Cloud storage company Dropbox to raise $500 million(Ksh 50bn) in its Initial Public Offering

In Silicon Valley and on Wall Street, it has long been a guessing game about which of the most richly valued technology startups would be next to test the public markets. On Friday last week, there was an answer: Dropbox, an online file storage company privately valued at S$10 billion, filed paperwork to raise up to S$500 million in an initial public offering.

While Dropbox may not have the glamour of a ride-hailing app like Uber or a streaming music service like Spotify – both of which are likely IPO prospects – the company is in the same broad group known as “unicorns,” which are startups valued at more than S$1 billion by the private investors that have so far funded their growth. How Dropbox fares as it goes public could help determine whether other big companies follow suit.

Dropbox will be especially scrutinized after the fizzling of other tech startups that went public last year. Shares of Snap, the company behind the popular Snapchat app, surged when it went public last March, but it has since struggled to stay above its offering price of $17 a share. And the meal-delivery startup Blue Apron, which went public at S$10 a share last June, is now trading at just above S$3 a share.

Still, the public offering market has gotten off to a fast start this year, with some 34 companies raising $11.87 billion in the public markets to date, according to Dealogic, a data provider. This comes despite a bout of stock market volatility this month that briefly sent the Standard & Poor’s 500 index down more than 10 percent from its high in late January.

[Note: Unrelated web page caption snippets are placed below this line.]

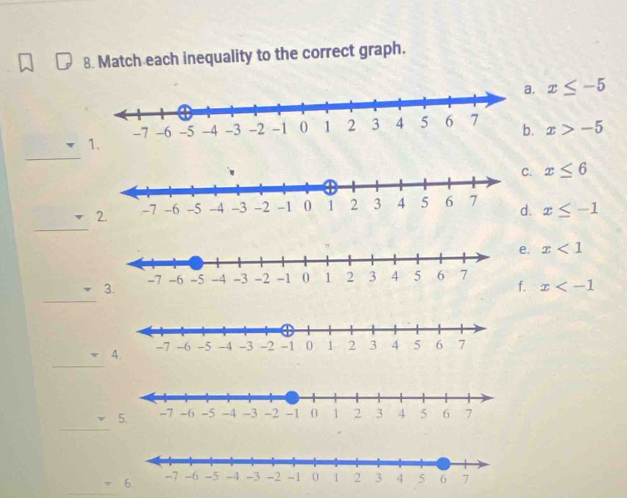 Match each inequality to the correct graph.
a. x≤ -5
b. x>-5
_
x≤ 6
_
x≤ -1
e. x<1</tex> 
_
f. x
_

_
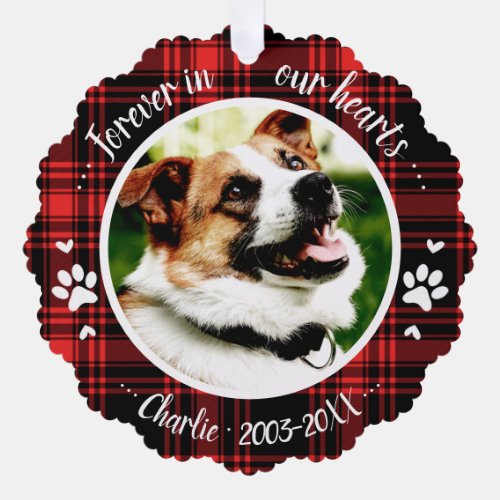 Adorable Rustic Dog Pet Memorial Custom Photo Ornament Card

In total, the number of private companies worth more than S$1 billion stands at 228, up from 197 last May, according to CB Insights, a firm that tracks venture capital funding and startups.

“We’ve been hoping that 2018 and 2019 would be the big year for tech and the unicorn class,” said Matt Kennedy, an analyst at Renaissance Capital, a firm that provides data on the public offering market. “Dropbox is definitely going to be a milestone.” A spokeswoman for Dropbox declined to comment.